Het vieren van Israa’ en Mi’raaj
Er is geen twijfel dat de Isra’ en Mi’raaj (de nachtreis van de Profeet en opstijging in de hemelen) twee grote Tekenen van Allah zijn die de waarheidsgetrouwheid van de Profeet Muhammad (sallAllahu ‘alaihie wa-sallam) en zijn grootheid en status bij Allah bewijzen. Ook zijn zij tekenen van de grote Macht van Allah en van Zijn verheven positie boven de creatie. Allah zegt:
'Heilig is Degene Die 's nachts Zijn dienaar (mUhammad) van de Masjid al Haram naar de Masjid al Aqsa heeft gebracht, waarvan Wij de omgeving hebben gezegend, opdat Wij hem van Onze Tekenen lieten zien. Voorwaar, Hij is de Alhorende, de Alziende.' (17:1)

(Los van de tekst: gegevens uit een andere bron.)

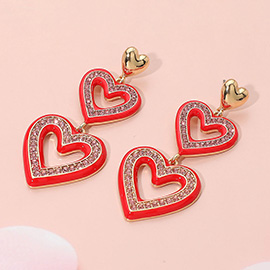 Rhinestone Paved Enamel Open Double Heart Link Drop Earrings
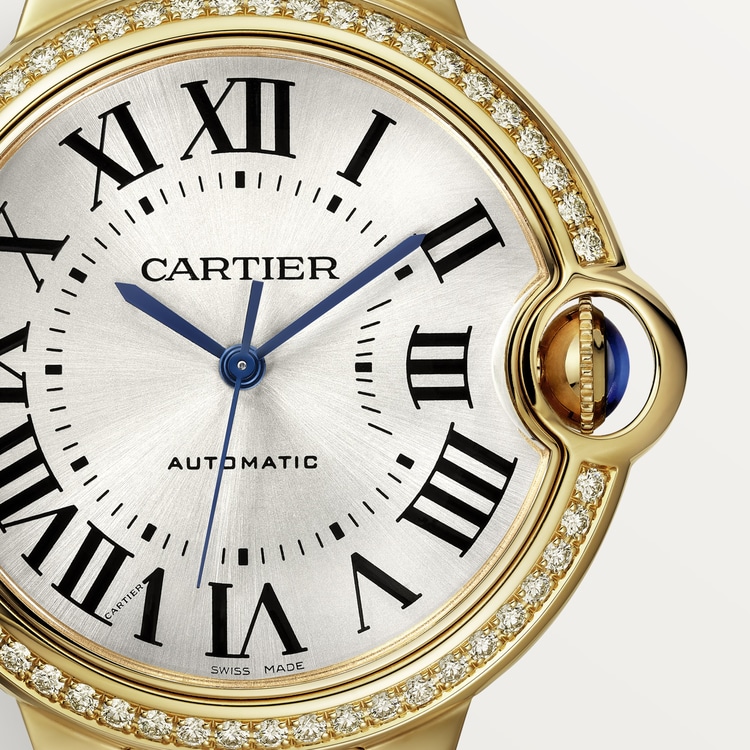 CA010 Ballon Bleu de Cartier watch, 36 mm, mechanical movement with automatic winding. Yellow gold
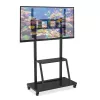 Nešiojamas plokščiaekranis grindinis stovas TECHLY Signage Display Mount ICA-TR30 – 55–100 colių, VESA 1200x600, 150 kg, ratukai, juodas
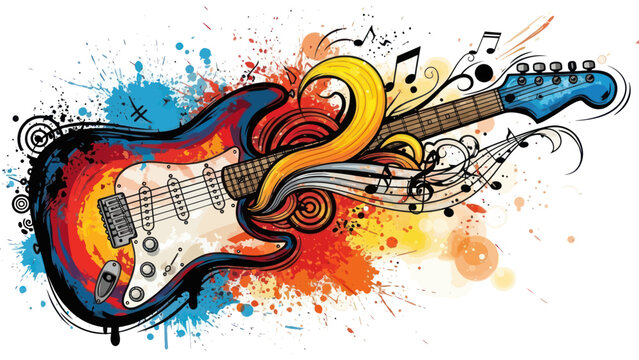Electric guitar with colorful abstract paint splashes and musical notes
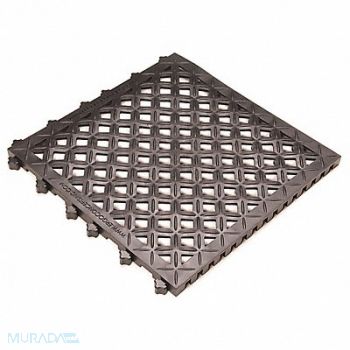 SAFE-FLEX Interlock Drainage Mat Blck 18 x18 PK10, 33VL84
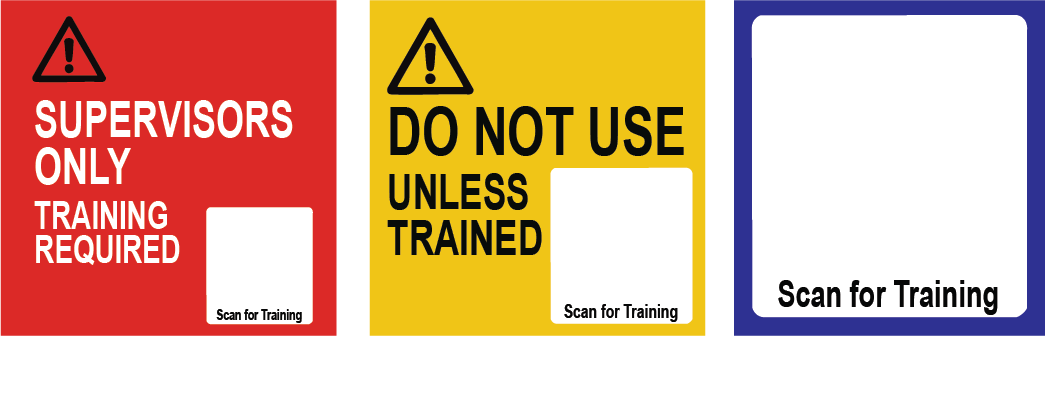 Examples of lab signage: Supervisors Only, Training Required, Training Available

Er zijn mutawaatir overleveringen (overleveringen die zijn overgeleverd door velen) van de Profeet (sallAllahu ‘alaihie wa-sallam) dat hij omhoog werd meegenomen in de hemelen en dat hun poorten voor hem werden geopend, totdat hij verder dan de zevende hemel passeerde, waar Zijn Heer met hem sprak zoals Hij wilde en hem de vijf dagelijkse gebeden verplichtte. Eerst verplichtte Allah, de meest Verhenene, 50 gebeden, maar onze Profeet Muhammad (sallAllahu ‘alaihie wa-sallam) bleef teruggaan en bleef Hem vragen om ze te verminderen, totdat Allah er vijf gebeden van maakte, dus zijn er vijf dagelijkse verplichte gebeden maar de beloning is er voor vijftig, omdat elke goede daad tienvoudig wordt beloond. Aan Allah zij alle lofprijzing en dank voor al Zijn zegeningen.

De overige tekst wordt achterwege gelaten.